3Des entrées sont thématiques, « amour », « autobiographie », « mélancolie », « temps », et alors se dessine en creux une biographie, grâce à « critique dramatique », « domiciles », « politique », « souvenir » ou « mort ». Il faut croiser divers éléments pour avoir un panorama de tel ou tel aspect : pour « folie », on se reportera à « excentricité », « manie », « soleil noir », mais aussi « Esquirol », « Blanche » (Évariste et Émile) ou « Moreau de Tours ». On aurait aimé voir parfois figurer des articles à part entière, ainsi pour Swedenborg, cité aux termes « mesmérisme », « néo-platonisme » ou « ésotérisme » et « Les Illuminés » qui évoquent les soupers d’Ermenonville. On regrettera la mention indirecte pour Le Songe de Poliphile, ouvrage magique qui conforta Gérard dans sa passion des livres rares et des amours mystiques et qui est représenté seulement à travers « Francesco Colonna », son auteur, dont la personnalité constitua le centre d’un projet théâtral jamais abouti avec Hippolyte Lucas. Ces manques relèvent davantage de sélections que d’absences, d’ailleurs palliés par les recoupements.

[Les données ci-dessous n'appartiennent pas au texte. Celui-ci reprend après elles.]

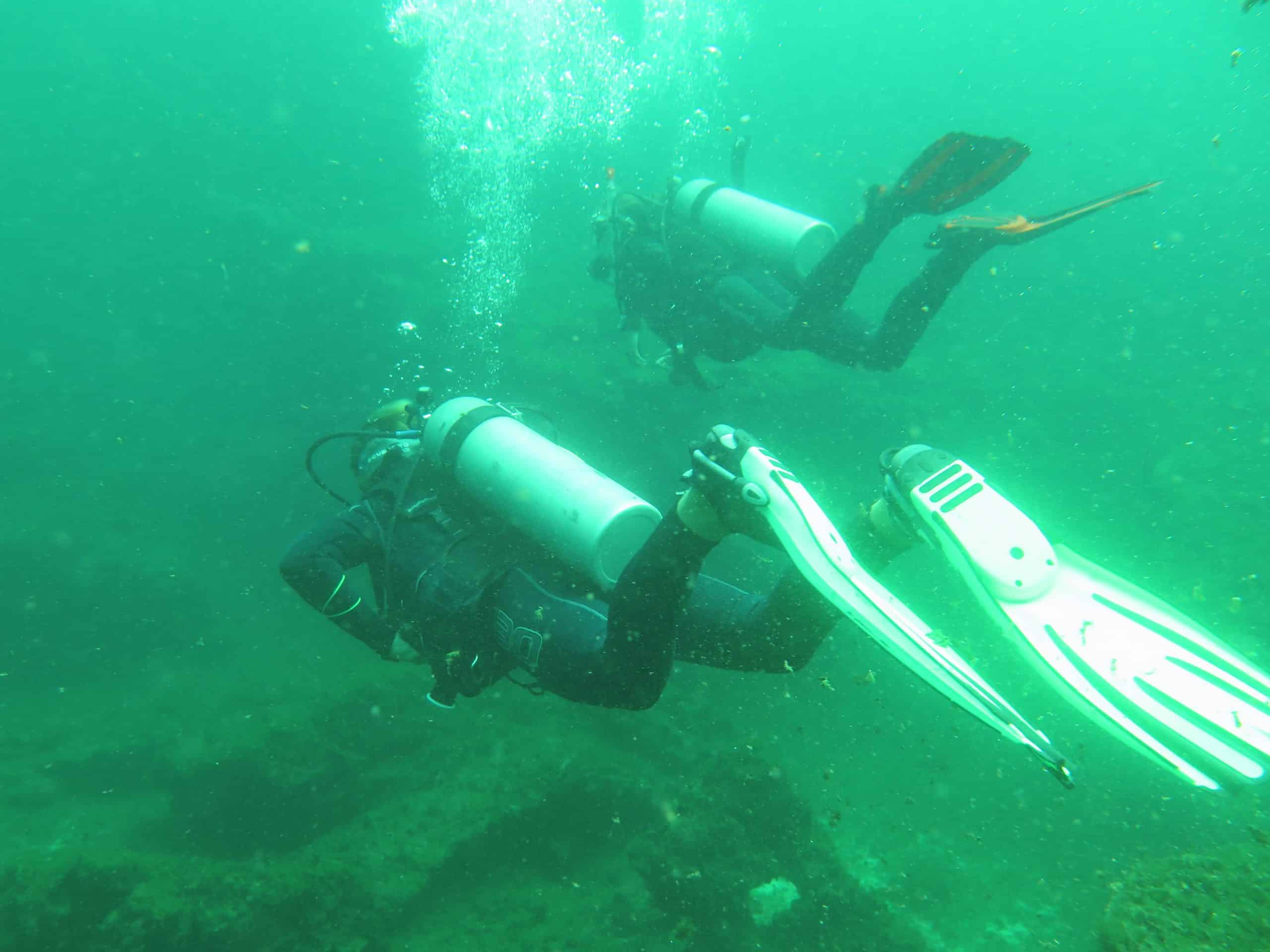 Two scuba divers dive through murky green waters at a cenote in Tulum, Mexico.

4Cette mosaïque est un labyrinthe, où s’aventurer au cœur d’un univers empreint de mystère, de fantaisie et de douleur. À ce titre, cette marqueterie possède une vraie dimension romantique, fragment et totalité, que l’on aimera traverser de bout en bout, progressant dans la compréhension du poète, avec rigueur et objectivité, qualité promise par tout dictionnaire sérieux, mais non sans enthousiasme et émotion — à l’instar des innombrables travaux entrepris par Claude Pichois, dont on me permettra ici de saluer la mémoire, avec reconnaissance. Si ce livre a été le dernier, il témoigne de l’humilité de l’érudit qui s’efface toujours derrière son objet d’étude, en l’occurrence, Gérard de Nerval, élevé enfin au même sommet que le seul contemporain qui sut le juger « un écrivain » « d’une haute intelligence » « et qui fut toujours lucide » : Charles Baudelaire.